Anderson said that Prevent suffered from a transparency problem and had become a “lightning rod for all sorts of grievances” because Muslim communities had not been properly consulted or involved as the strategy had evolved under the current Conservative government.

Prevent was originally introduced by Tony Blair's Labour government following the 2005 London bombings and has long lacked legitimacy in Muslim communities where critics argue it has been implemented in a discriminatory fashion and amounts to a form of surveillance.

The current government has focused increasingly on tackling non-violent extremism, which British Prime Minister David Cameron said in a speech last year was a “gateway” to violence, and is expected to press for laws that would place restrictions on groups and individuals identified as extremist in a forthcoming extremism bill.

But Anderson said that defining extremism was “practically impossible” and that attempts to impose restrictions risked doing more harm than good. The UK had not made it illegal to be a Communist during the Cold War, but the current proposals were “not too far away from that”.

He said there were also concerns that Prevent could infringe on European human rights laws guaranteeing freedom of religious expression and cited the case of a Muslim boy who wanted a place to pray at his secondary school.

“There was a faith room in school but the godless Christians who made up most of the school's population were not very interested in using it. When asked if they could use it for Muslim prayers a panic ensued and various contradictory answers were given and eventually the room was locked as the most effective answer.”

Anderson's predecessor, Alex Carlile, also giving evidence, said he had concerns about potential rights issues that had arisen as a result of Prevent and attempts to outlaw extremism, but said he believed the government's proposals would be “butchered” in the House of Lords.

“I am very concerned about making unlawful that which we have always taken to be lawful,” said Carlile.

“It would apply to things across the board. It could apply to creationism. It could apply to people who refuse to speak English and who only speak Welsh. I do have real concerns about these proposals.”

'Sloppy journalism'

Anderson said that an independent review of Prevent and greater transparency would address many of the rumours swirling around the policy which he said he believed were mostly a product of “sloppy journalism”, citing a widely reported BBC story about a schoolboy allegedly reported to Prevent for writing in his homework that he lived in a “terrorist house”.

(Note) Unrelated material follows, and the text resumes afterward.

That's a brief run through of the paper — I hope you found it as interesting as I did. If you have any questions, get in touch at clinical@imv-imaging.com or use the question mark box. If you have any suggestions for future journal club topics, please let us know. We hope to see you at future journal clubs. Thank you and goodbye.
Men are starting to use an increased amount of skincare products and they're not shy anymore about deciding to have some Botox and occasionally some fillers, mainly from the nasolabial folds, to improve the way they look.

He also called on the government to publish Prevent training material in the public domain, referring to the recent leak of materials by the civil liberties campaigning group CAGE.

“The best answer is sunlight and engagement in good faith,” he said. “Some of the training materials were leaked and I don't think the heavens fell down. Why doesn't the government take the initiative to claim credit for being transparent and do it itself?”

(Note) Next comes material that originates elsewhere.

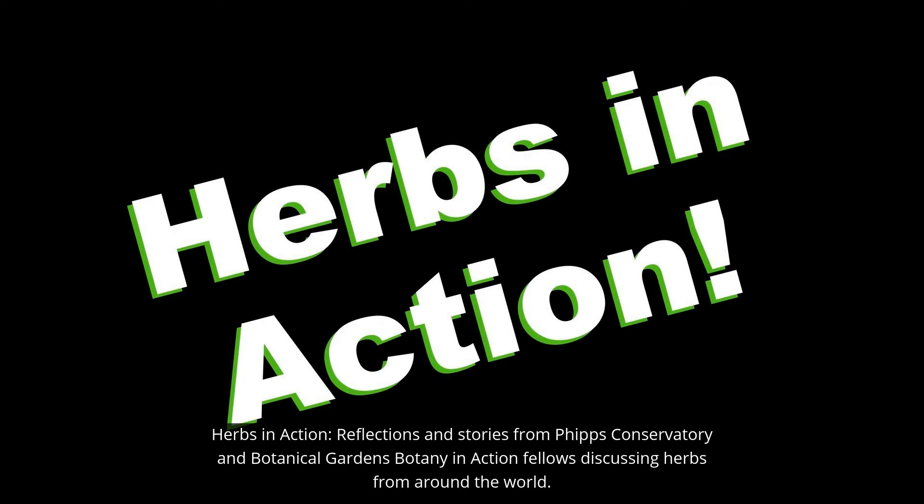Herbs in Action: Reflections and stories from Phipps Conservatory and Botanical Gardens Botany in Action Fellows, discussing herbs from around the world.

Despite calling for the strategy to be scrutinised, both Anderson and Carlile said that some good work was being done under Prevent.

Carlile said Prevent was being well-managed in some areas, but suffered from an overall lack of resources.

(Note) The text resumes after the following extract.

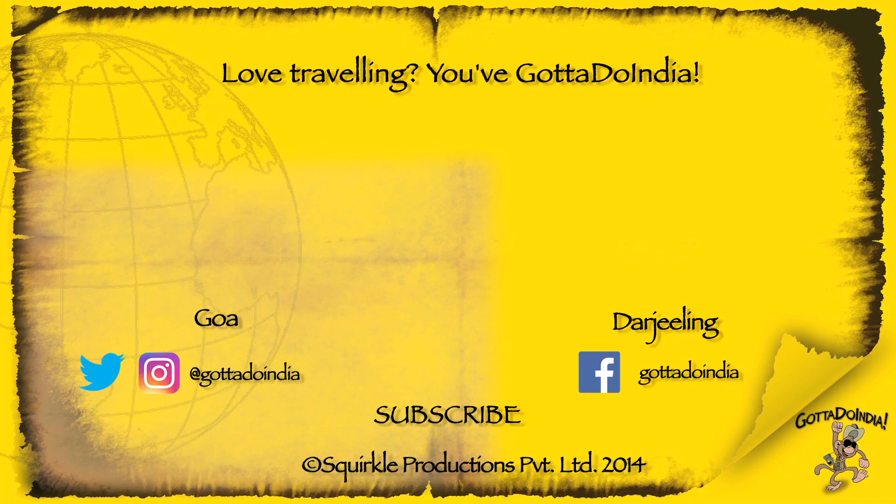If you like this video, make sure you give it a thumbs up and also subscribe to the channel if you haven't. See you guys, bye!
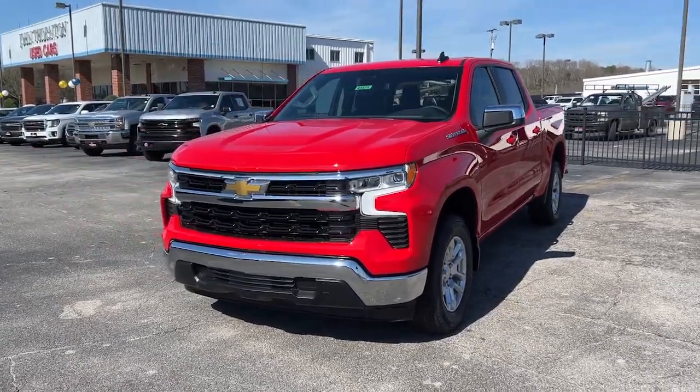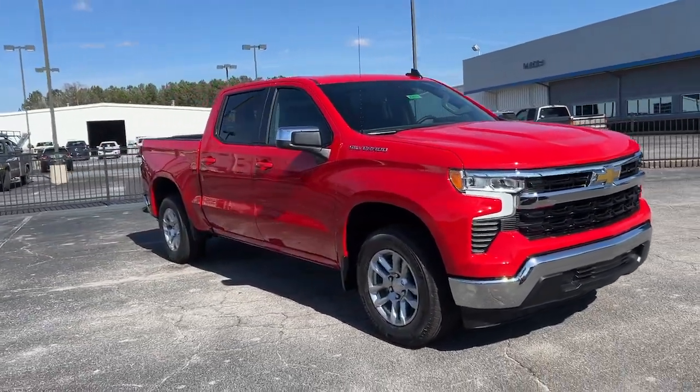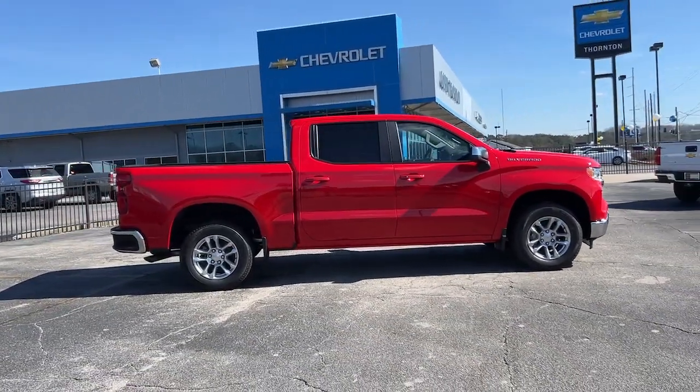Enjoy the view of this 2023 Chevrolet Silverado 1500. Stay connected on the worksite in the full size Silverado 1500 pickup. Its smooth agile ride keeps you comfortable while its rugged strength gets the job done.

"I could tell you anecdotes of successful Channel interventions that would warm your heart," he said, referring to the counter-radicalisation programme within Prevent targeted at young people deemed vulnerable to extremism.

"I dont know why the government doesn't warm people's hearts in the same way and engage those communities."

Anderson also cautioned against government proposals to inspect and regulate madrassas.

In a speech last year, Cameron said: "In some madrassas, we've got children being taught that they shouldn't mix with people of other religions; being beaten; swallowing conspiracy theories about Jewish people.

“These children should be having their minds opened, their horizons broadened, not having their heads filled with poison and their hearts filled with hate.”

But Anderson said: “My only advice to the government is tread very carefully in this area. If you have compelling evidence then perhaps it needs to be done but at the end of the day these are volunteers passing on their religion in a disciplined and structured way to young people who seem only too happy to learn.”

“I have no doubt that particularly if it is done by a secular organisation like OFSTED [the schools inspection body] that it is going to risk creating considerable ill feeling.”